Work task: Give the lines below again, exactly as they stand, and leave out the images.

Dataset section:
......

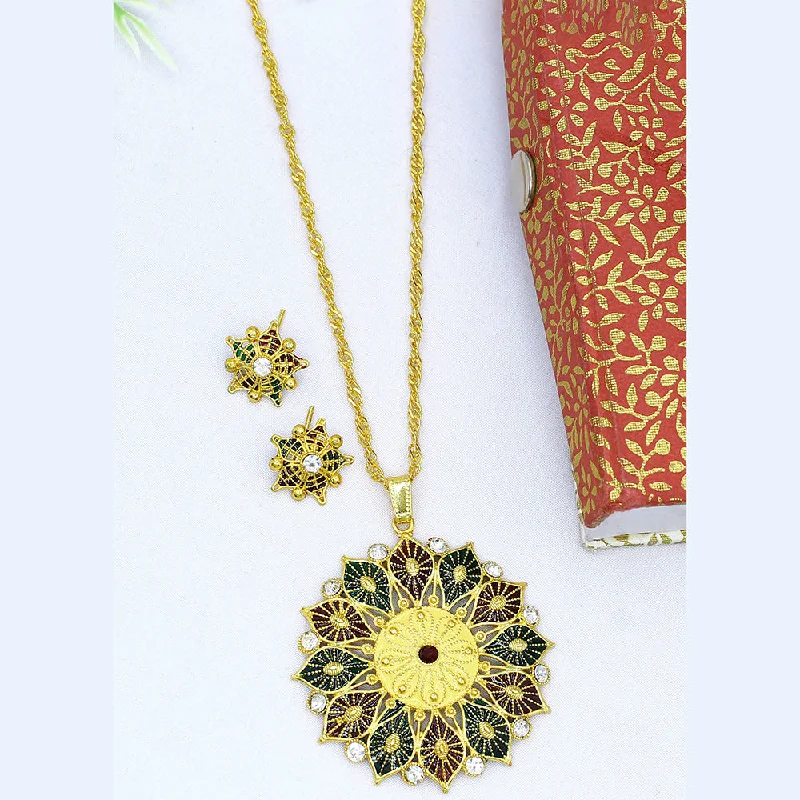 Mahavir Dye Gold Plated Chain Pendent Set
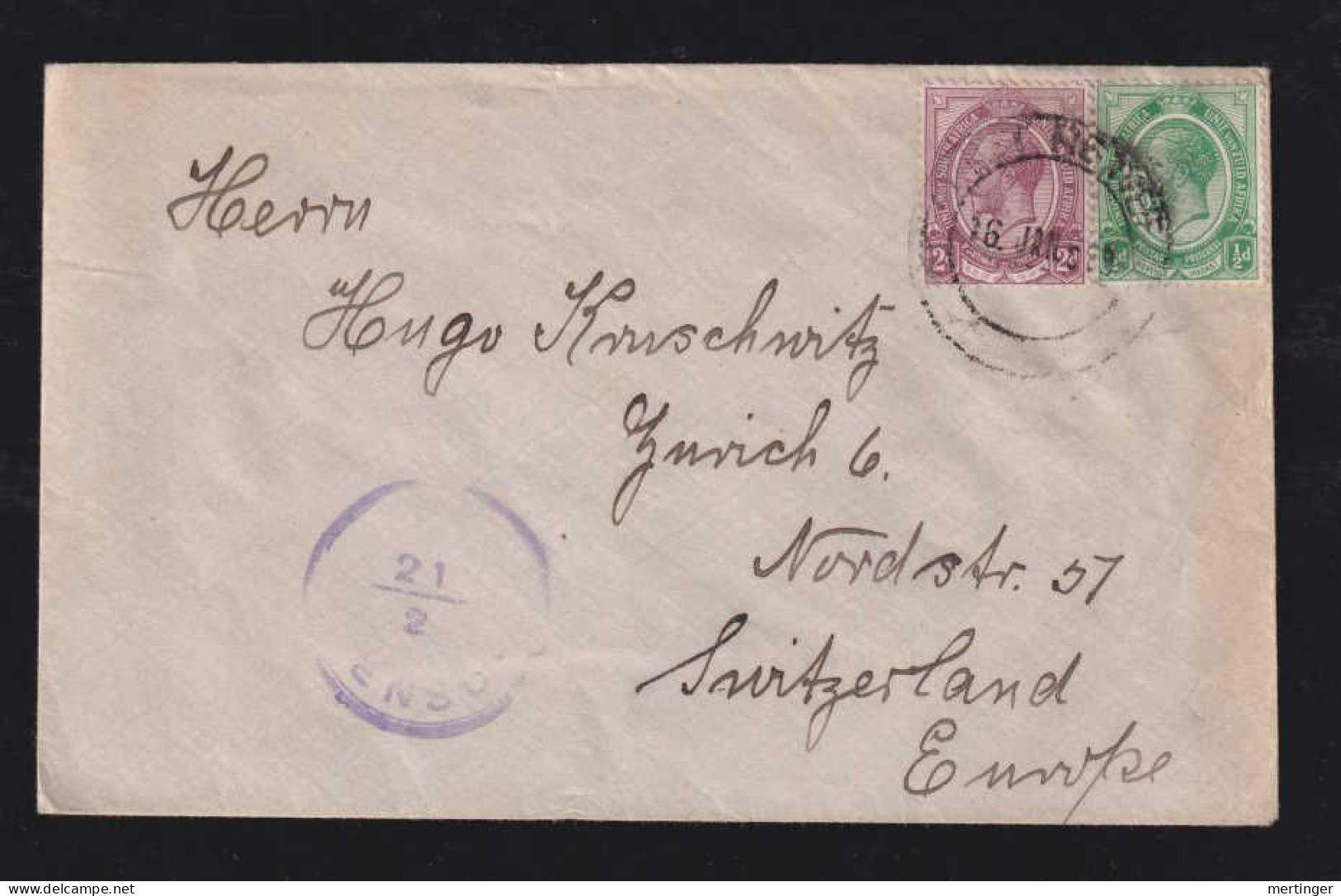 South Africa 1919 Censor Cover To ZÜRICH Switzerland - Covers & Documents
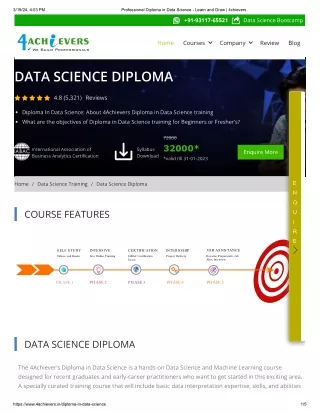 Top Diploma in Data science course - 4achievers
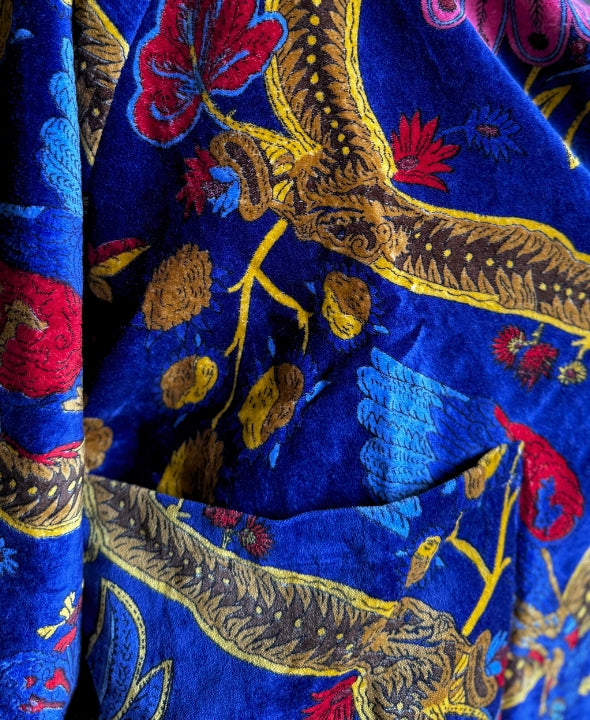 one-hundred-stars-1 - velvet jacket - CLIMBING PEACOCK ROYAL BLUE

......

Answer:
 Mahavir Dye Gold Plated Chain Pendent Set
 South Africa 1919 Censor Cover To ZÜRICH Switzerland - Covers & Documents
 Top Diploma in Data science course - 4achievers
 one-hundred-stars-1 - velvet jacket - CLIMBING PEACOCK ROYAL BLUE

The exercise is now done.